Special School for Returning Kurds

An education programme designed especially for the children of returning Kurdish expats is intended to cushion their culture shock.

Special School for Returning Kurds

An education programme designed especially for the children of returning Kurdish expats is intended to cushion their culture shock.

Tuesday, 22 February, 2005

For 16-year-old Sara Aso, moving to the Iraqi Kurdish city of Sulaimaniyah this year after spending her formative years in Germany was something of a culture shock. “There are no cafes to go to,” she says, “And I can’t wear my normal clothes because boys here stare at me so much.”


Sara is part of a growing minority in the city. Since the fall of the Baath regime in 2003, the number of expat families choosing to return to Iraqi Kurdistan each year has increased from dozens to hundreds and is expected to rise.


Many of the children now arriving in Sulaimaniyah have spent most of their lives abroad, and their western outlook is at odds with the region’s traditional ways.


Of the many problems this has posed, one of the thorniest has been education. Changing schools is never easy, but moving to one in a new country with an alien culture and language can be a recipe for disaster.


In a bid to ease the transition, the Sulaimaniyah provincial administration has taken the innovative step of setting up the province’s first “international school”.


“At first, the Ministry of Education wanted to supervise the project itself,”explained Kawan Faraj, senior educational field officer for Kurdistan Save the Children, the non-government organisation, NGO, now running the project. “But it fell to us, because as an experienced children’s NGO, we could set up the Gasha School and handle the sensitivities involved more easily than the government.”


The main objectives of the Gasha School project are to facilitate the return of Kurdish families from abroad and create a supportive environment for their children. “We hope it will also become an international school for children of foreign families who come to Iraqi Kurdistan on long missions,” added Faraj.

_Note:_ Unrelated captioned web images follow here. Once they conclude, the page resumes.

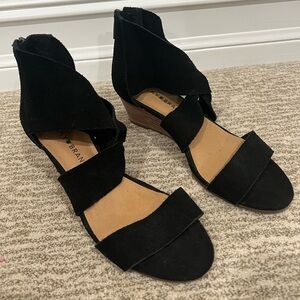 Black criss cross wedge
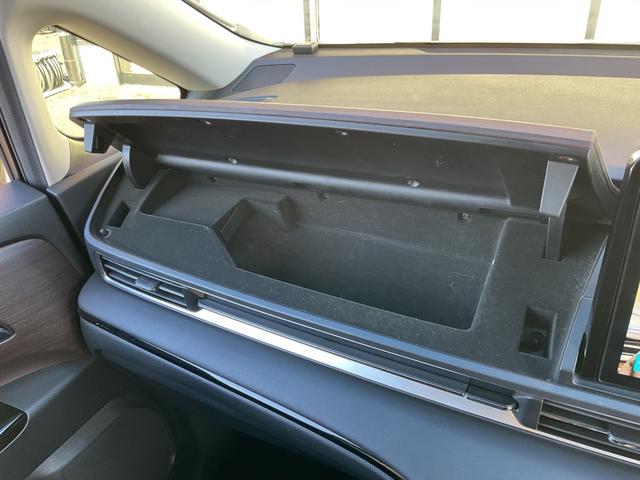 オデッセイハイブリッド e:HEVアブソルート・EX HKS車高調・純正フリップダウンモニター・純正ナビTV・マルチビューカメラ・ブラインドスポット・パワーバックドア・ETC2.0・両側パワースライドドア・ホンダセンシング・スマートパーキングアシスト(47枚目)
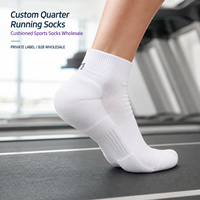 Chaussettes de course athlétiques OEM Quarter Cushion pour les programmes de course et les fournisseurs d'événements, avec emballage à marque privée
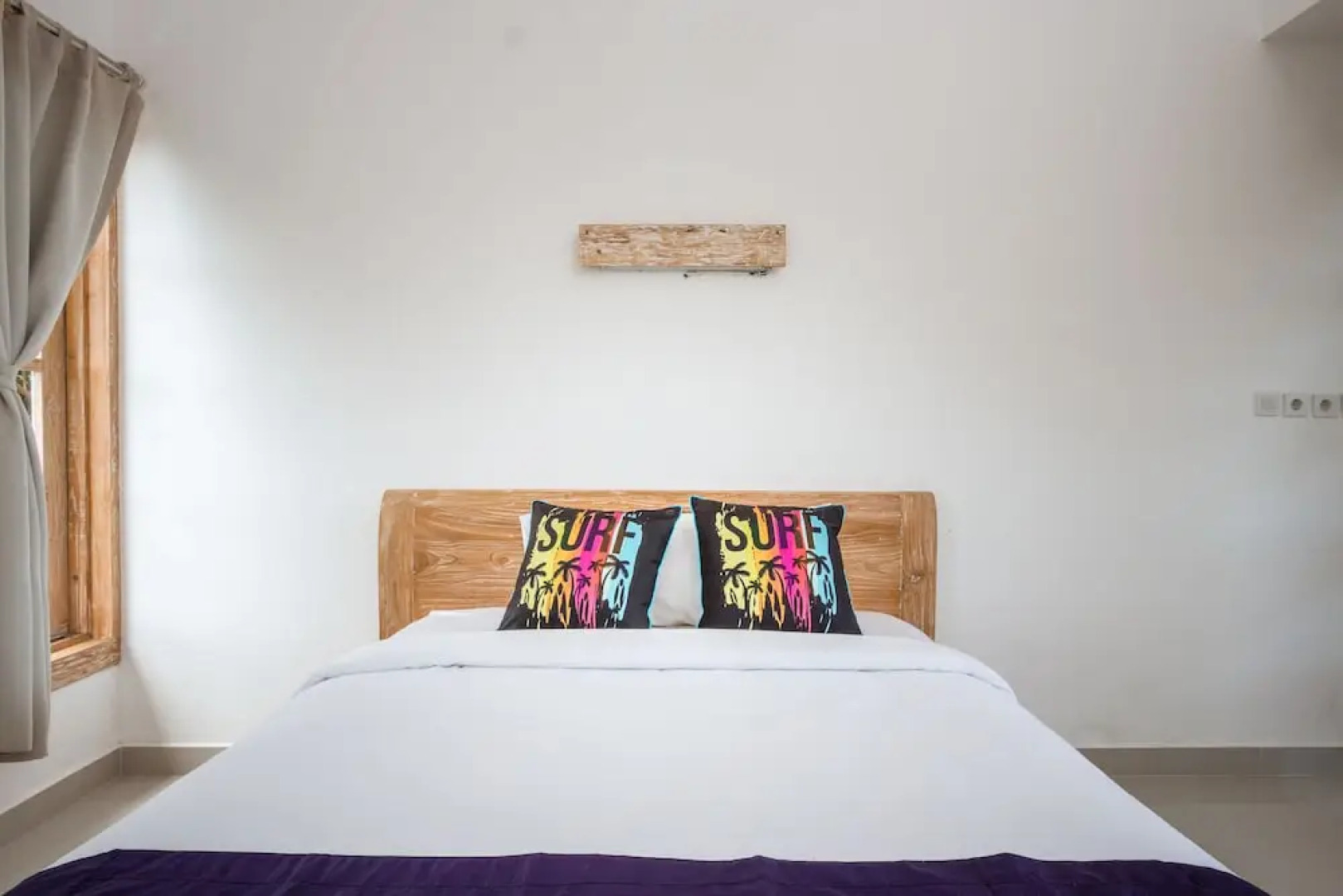 RedDoorz @ Kedungu Beach Surf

The school opened its doors in September 2004, but so far it has confined its teaching to language classes in English, Arabic and Kurdish, to improve the students’ communication skills. The full curriculum will be introduced in January, and English will be the teaching medium.


“At first I went to a school where all the classes were taught in Kurdish, and I didn’t like it,” said Dilveen Jameel Ahmed, 15, whose family moved back to the region from Italy in August. “The other students treated me as if I was different.


“But after I heard about this school through a friend and started studying here, I felt better.”


Of the 236 pupils at the school, just under half are secondary-school students who have classes in the afternoons, while the rest attend the primary school that runs in the morning.


The school has just nine teachers who are working hard to make the venture a success, but they admit there are a number of unusual problems that both they and the students have to overcome.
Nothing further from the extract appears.